Courtesy Remote Lands & Virtuoso Tours

Our distant ancestors must have had their breath taken away by the sights and sensations, the sheer awe the wilderness revealed to them. No matter where we discover still pristine environs today, that same awe resonates in person and in pictures. So it is, the view of a flat-topped mountain reaching toward the Arctic horizon in the Krasnoyarsk region and of Putorana Plateau grips our imagination.

Imagine mile after mile of untouched majesty, the kind American and European pioneers wandered into centuries ago. Putorana is like that, a Russian wonder so iconic as to be purely dignified, a wild place most people cannot come to grips with its existence in a modern world. The Putorana Plateau is an uninhabited wilderness roughly the size of the state of Nevada in the US. Sitting to the northwest of the Central Siberian Plateau, the Kureyka River, and where the Lower Tunguska tributaries flow from, this is a World Heritage place like no other.

© UNESCO/A. Romanov, a Larch forest on the plateau

From beneath the Talnikovy Waterfall onlookers catch a glimpse of what a primeval paradise Earth must have once been.
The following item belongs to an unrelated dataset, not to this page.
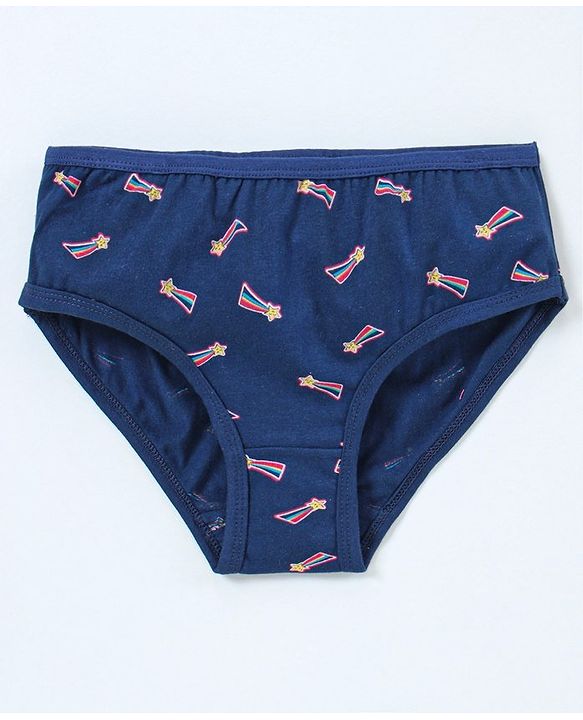 Pine Kids Anti microbial & Bio wash Hipster Panties Assorted Print - Hot Pink, Navy Blue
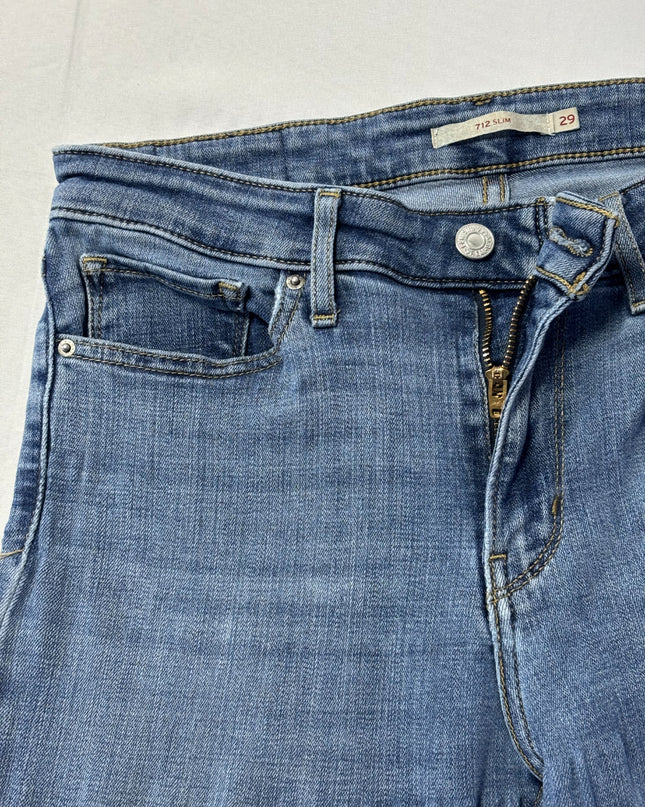 Levi's 712 Slim Blue Jeans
In this land of twenty-five thousand lakes are stored trillions of gallons of our planet’s purest freshwater. Eurasia’s tallest cataract at 482 meters high, Talnikovy Waterfall (Тальниковый водопад) is a picture postcard showpiece for the Putoransky State Nature Reserve. Interestingly, the brook that feeds the waterfall is frozen solid much of the time, so even the existence of the falls is sometimes called to question. Mysterious, a land of echoing rum0r and legend, Putorana shimmers in contrast to our often static world of hubbub.

One of the only credible photos of the highest waterfall in Russia – by Sergey Gorshkov

With a total area of 1,887,251 hectares, this region offers naturalists and geographers a wonderful mix of ecology. Here are Subarctic and Arctic ecosystems of the isolated range possessing forests, tundra, and even arctic deserts in a remoteness and quite beyond imagination. Protected by the strictest of the Russian Federation’s laws, human influence here is almost nonexistent. The flora of the plateau is unbelievable and consists of some 400 plant species, including several rare and endemic forms. Fauna of the region includes 34 mammal species.
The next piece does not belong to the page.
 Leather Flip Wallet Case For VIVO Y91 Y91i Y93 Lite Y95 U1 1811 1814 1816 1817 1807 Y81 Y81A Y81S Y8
Courtesy of www.AirPano.com

One of the most interesting is one of the rarest known hoofed animals – the Putorana bighorn sheep (Ovis nivicola borealis). Reindeer and rare birds migrate here, to season and water in exotic fjord-like lakes, some reaching 400 meters (1,300 ft) in depth. The lakes here are magnificent and unique for their extreme depth. “Putorana” comes from the native language of the Evenks, and means “the country of lakes with steep banks”. One example of such an inland sea is Lake Lama (below), with a depth of from 300 to 600 meters.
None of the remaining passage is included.